- _BRIEF_
Although the data holds pictures, return only the lines from the one containing "江戸期　白磁　陽刻　龍の図　角皿5枚セッ" to the end, exactly, and without them.

- _SOURCE DATA_
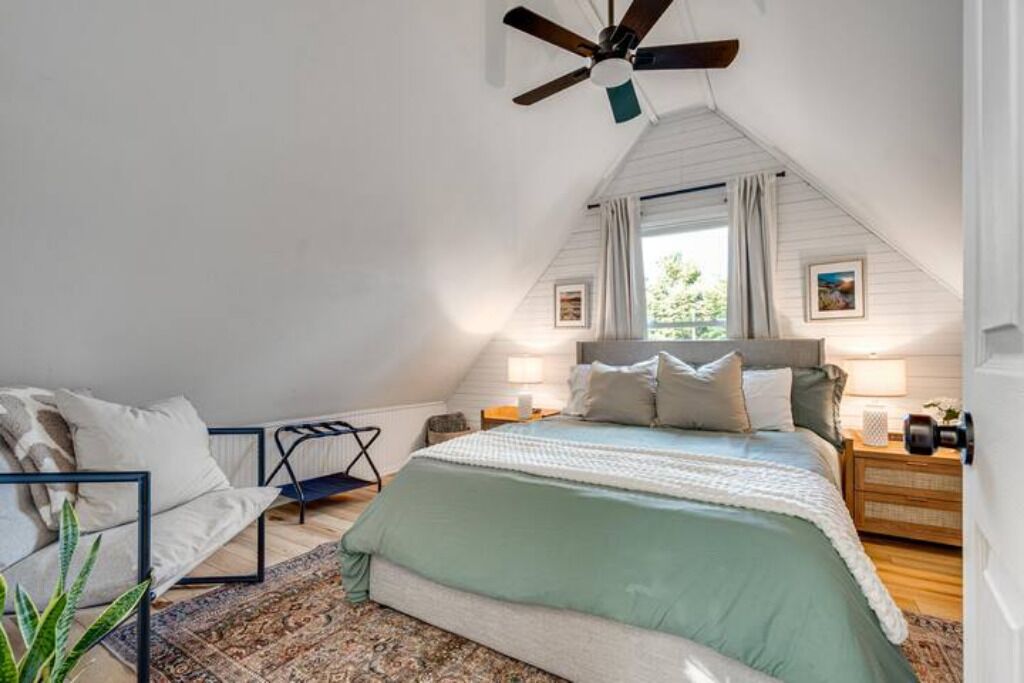 2 chambres, fer et planche à repasser, Wi-Fi gratuit, draps fournis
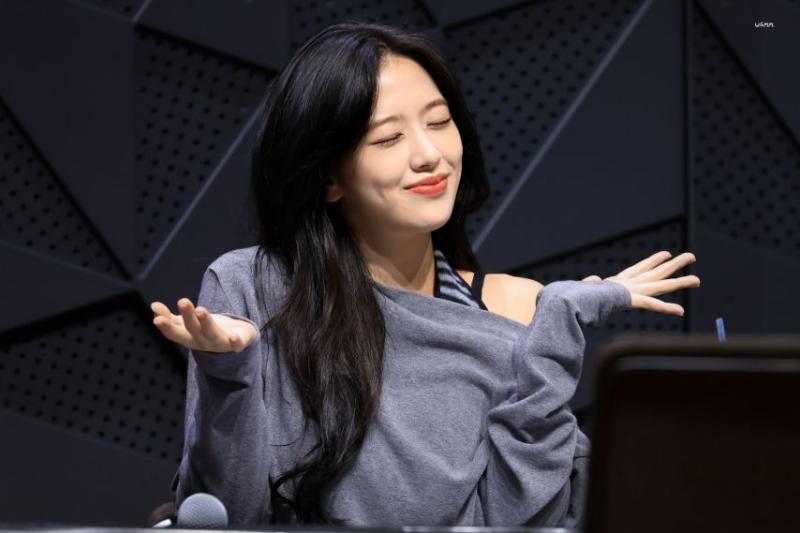 아이브 안유진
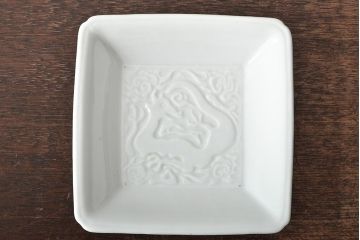 江戸期　白磁　陽刻　龍の図　角皿5枚セット(中国?、小皿、深皿、鉢)(R-045723)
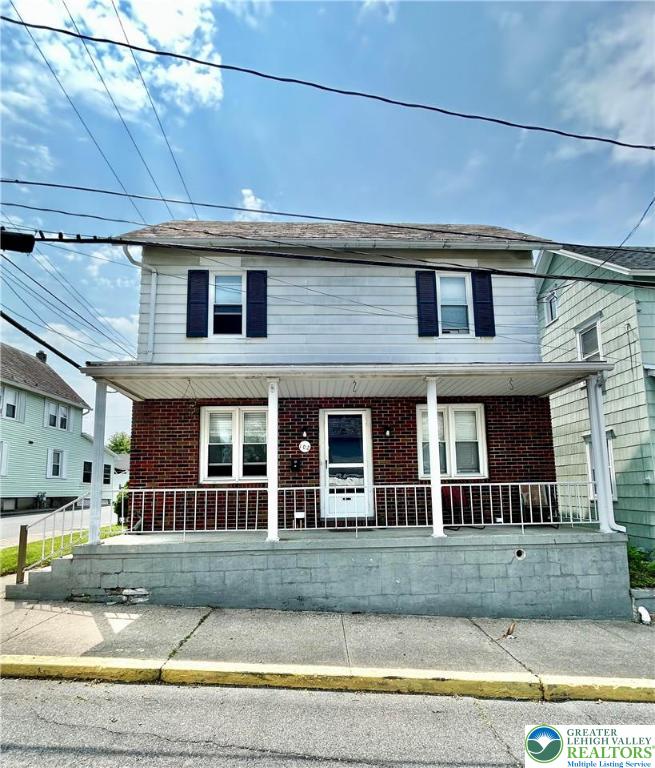 102 Garibaldi Avenue Roseto, PA 18013 - Photo 1 of 25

- _ANSWER BOX_
 江戸期　白磁　陽刻　龍の図　角皿5枚セット(中国?、小皿、深皿、鉢)(R-045723)
 102 Garibaldi Avenue Roseto, PA 18013 - Photo 1 of 25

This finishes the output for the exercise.